Fortunately I’ve made no such promise. So har har har. Hoo hah. Har-de-har-har. What a chump. Of course it was the 1970s, when people were into ludicrous things like astrology and pyramid power and this kind of mushy receptivity to bogus alternative cosmologies was thought a sign of open- rather than feeble-mindedness. Remember Chariots of the Gods and all that nonsense? But being a creature of one’s times is not a get-out-of-ridicule-free card and, as a prominent public figure, Carter contributed to the Zeitgeist as well as reflecting and being shaped by it.

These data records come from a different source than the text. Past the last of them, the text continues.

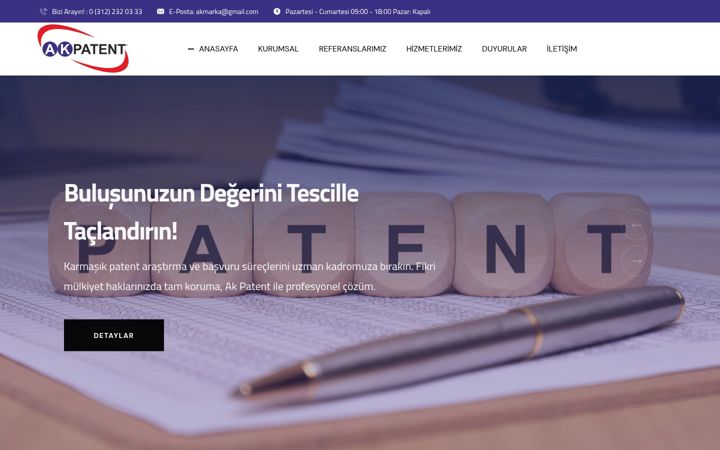 Screenshot of akpatent.com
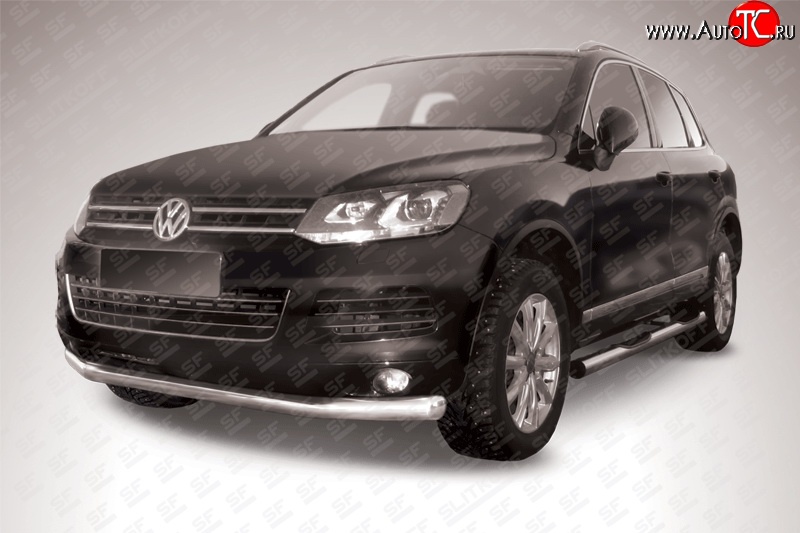 17 899 р. Одинарная защита переднего бампера диаметром 76 мм Slitkoff Volkswagen Touareg NF дорестайлинг (2010-2014) (Цвет: нержавеющая полированная сталь)  с доставкой в г. Майкоп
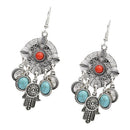 Vintage Silver Bohemia Hamsa Hand Fatima Palm Lucky Long Drop Dangle Earring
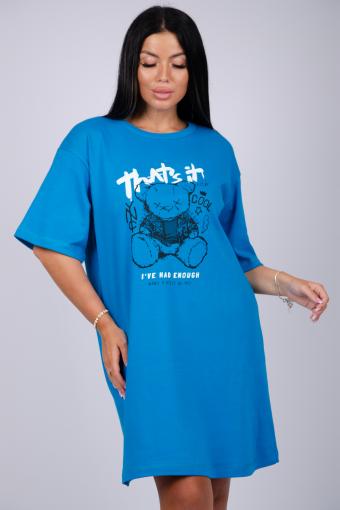 Сорочка Панды интерлок пенье (Голубой) - Ивтекс-Плюс
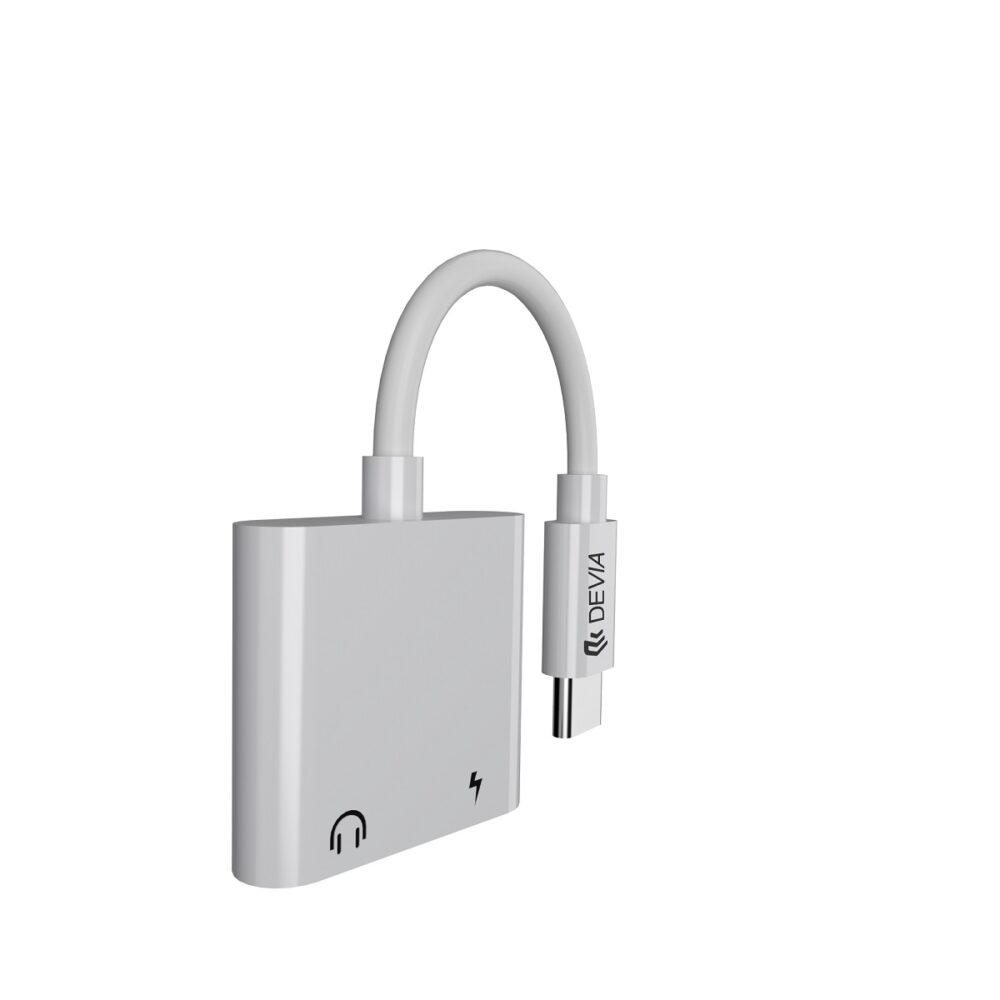 379396_oryg Devia adapter EC609 USB-C - USB-C (port) + USB-C (port) white
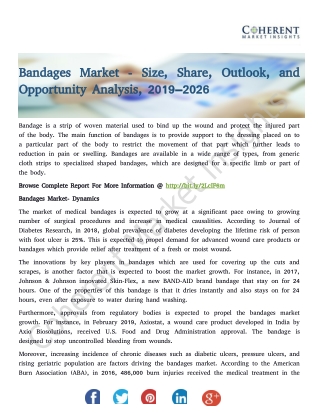 Bandages Market - Size, Trends, Outlook, and Opportunity Analysis, 2019–2026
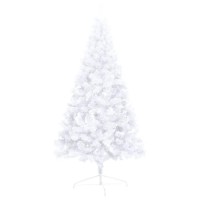 vidaXL Artificial Half Pre-lit Christmas Tree with Stand White 82.7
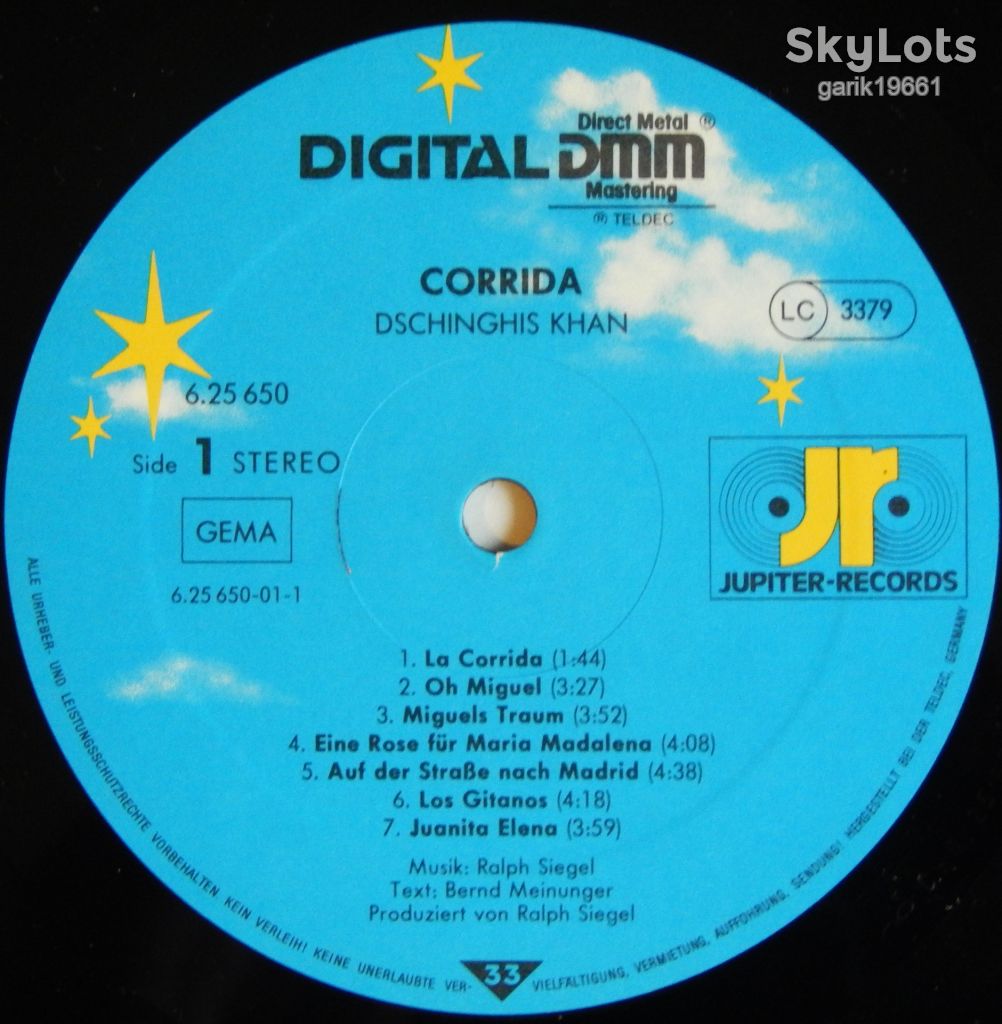 Dschinghis Khan – Corrida  (Jupiter Records – 6.25650 AP, Germany) NM-/NM- - фото фото фото 3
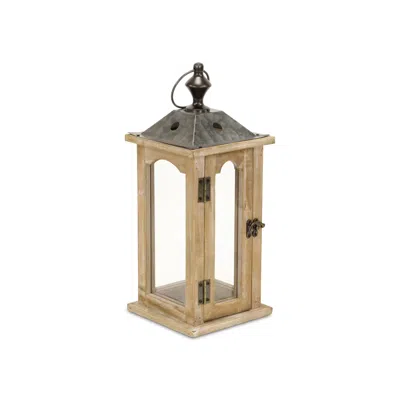 Hivvago 16" Natural And Gray Geometric Metal And Solid Wood Tabletop Lantern Candle Holder In Brown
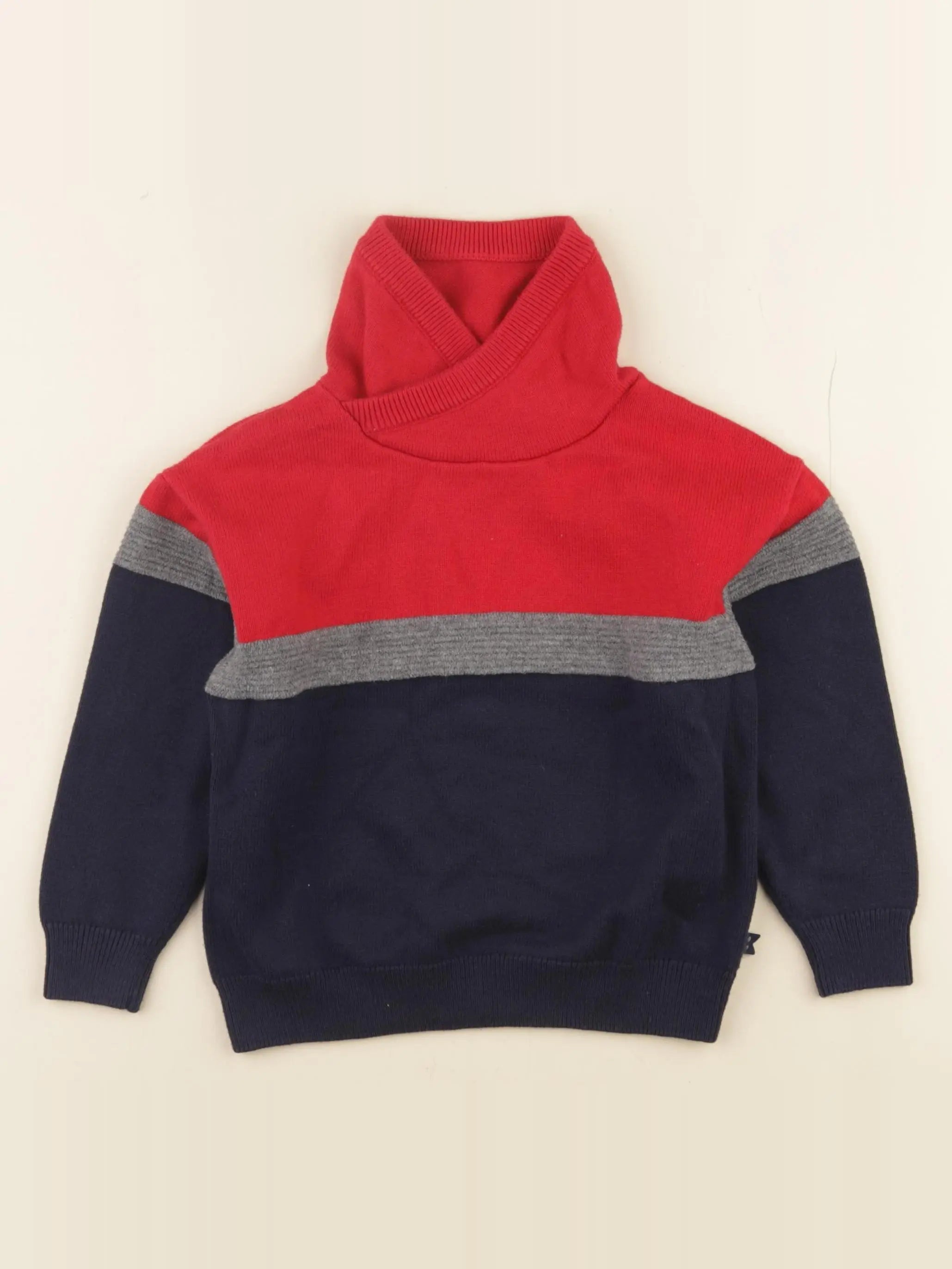 Okaidi - pull bleu, rouge - 3 ans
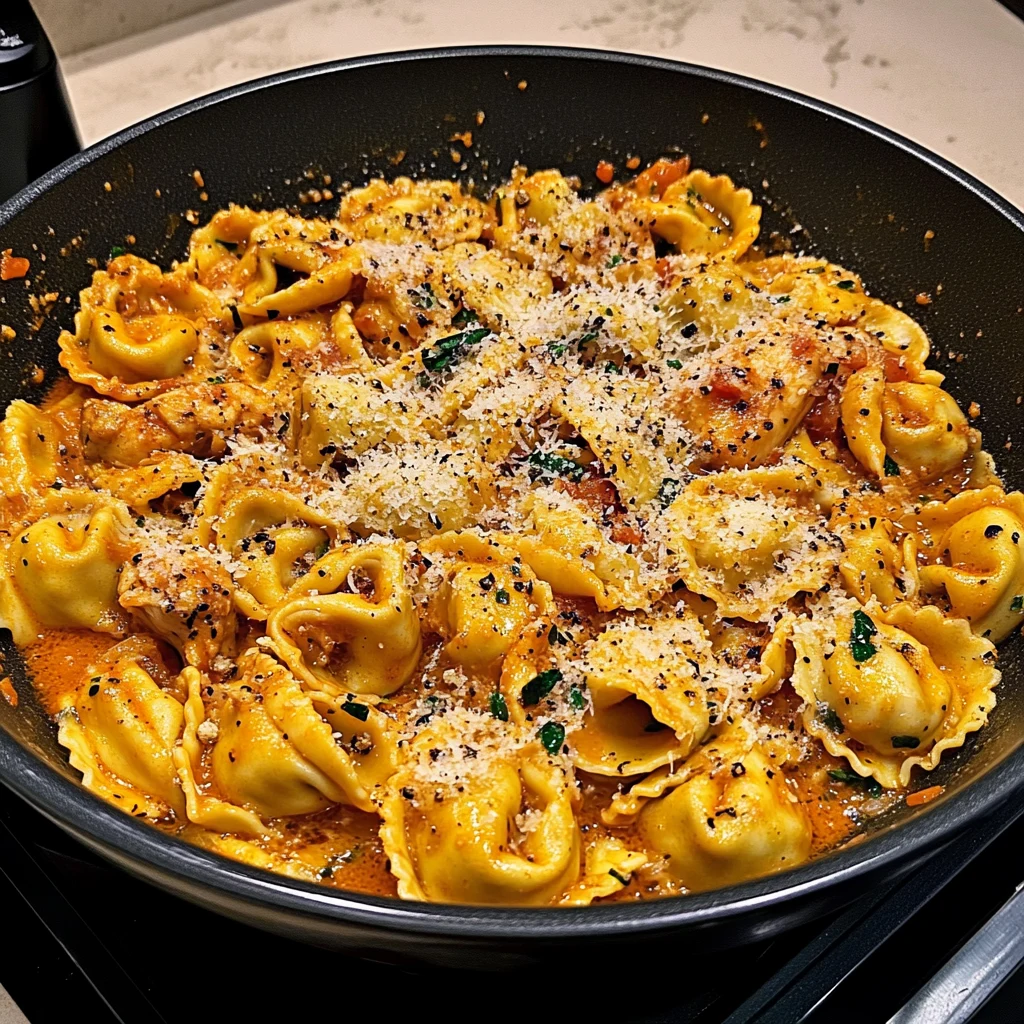 Discover the Ultimate One-Pot Spicy Garlic Butter Chicken Tortellini Recipe! 4 One-Pot Spicy Garlic Butter Chicken Tortellini 30 Minutes Easy Delicious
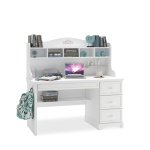 Birou 138 cm cu etajeră și 3 sertare, stil romantic modern, alb satinat, spații multiple de depozitare, design elegant pentru copii sau adolescenți BUTTERFLY - imagine 2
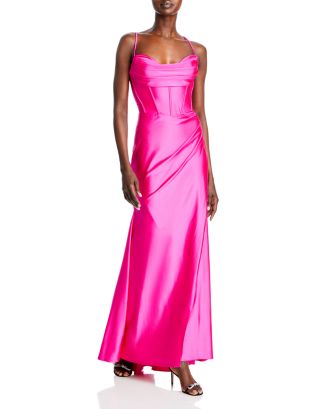 Structured Satin Gown with Beaded Sweetheart Corset Ocean Blue
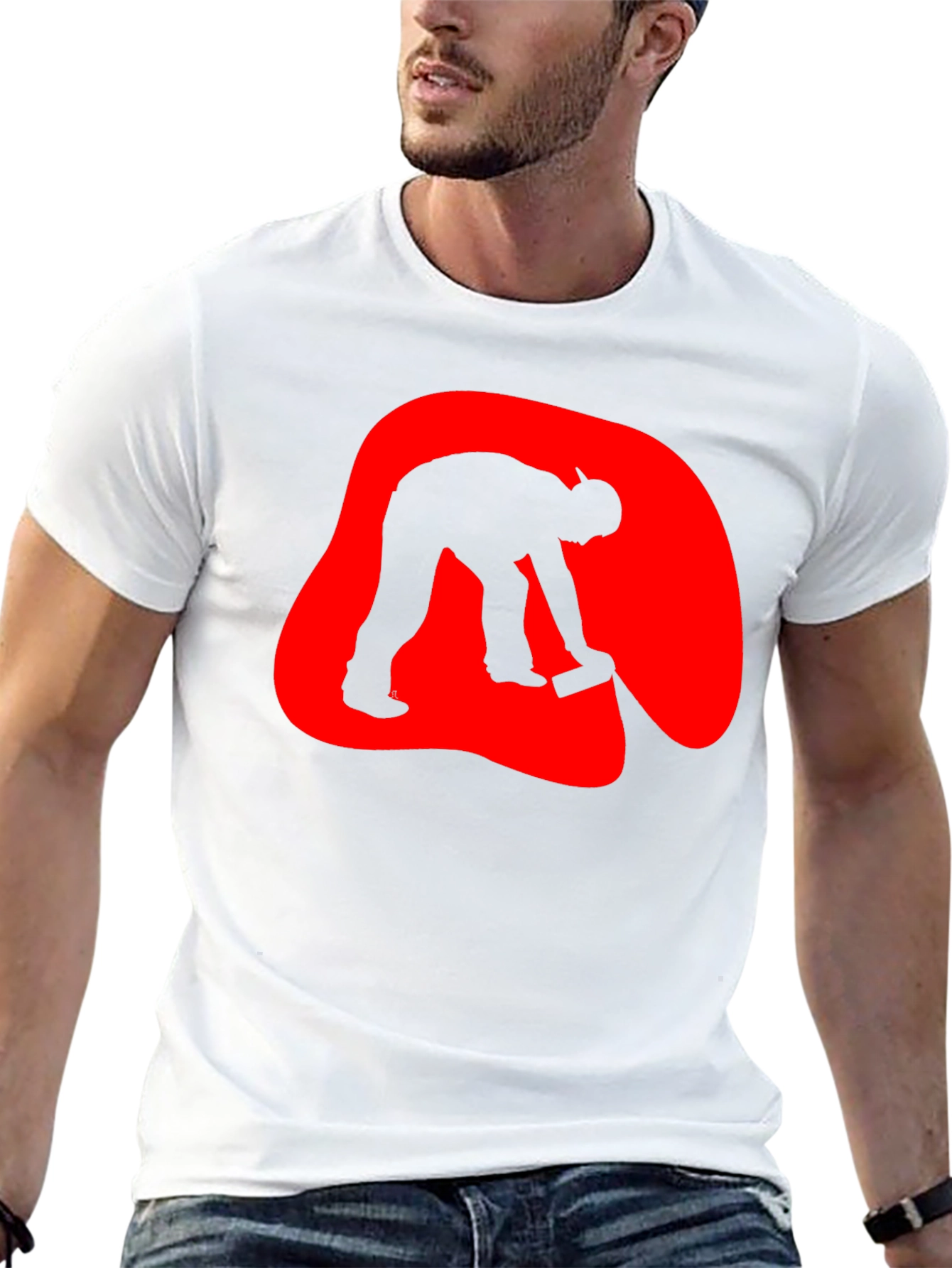 Curling Silhouette Graphic T-Shirt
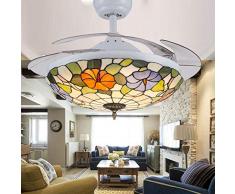 QSBY Led Wind-Ventilator-Licht mit Variabler Frequenz Fernbedienung Deckenventilator Lampe Invisible Fan Blade Barock Kronleuchter für Schlafzimmer Balkon,Weiß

Indeed, during the election Carter promised if elected to push for the release of “every piece of information” the government had about UFOs. Once elected, he broke this promise (that’s politicians for you) citing national security. Which wasn’t as silly as it sounds. Carter wasn’t hiding space rays for use against invading aliens, but the fact that UFO sightings were at least sometimes people spotting classified Department of Defence tests and other times investigations used classified radar and other data.
The sighting itself was, though. It is of a piece with Carter being the only president ever attacked by a rabbit, and with being just generally a ridiculous person. I know he is now old and has health problems and I’m not going after him because of that. I’m going after him because he was a sanctimonious prat, a bad president, a bitter ex-president who badmouthed his successors abroad and at home, and a generally feeble character endowed with endless conceit but thoroughly lacking in judgement in everything from relations with the Soviet Union to things changing colour in the sky.
Incidentally NICAP went out of business the same year Carter was defeated by Reagan. Neither was missed.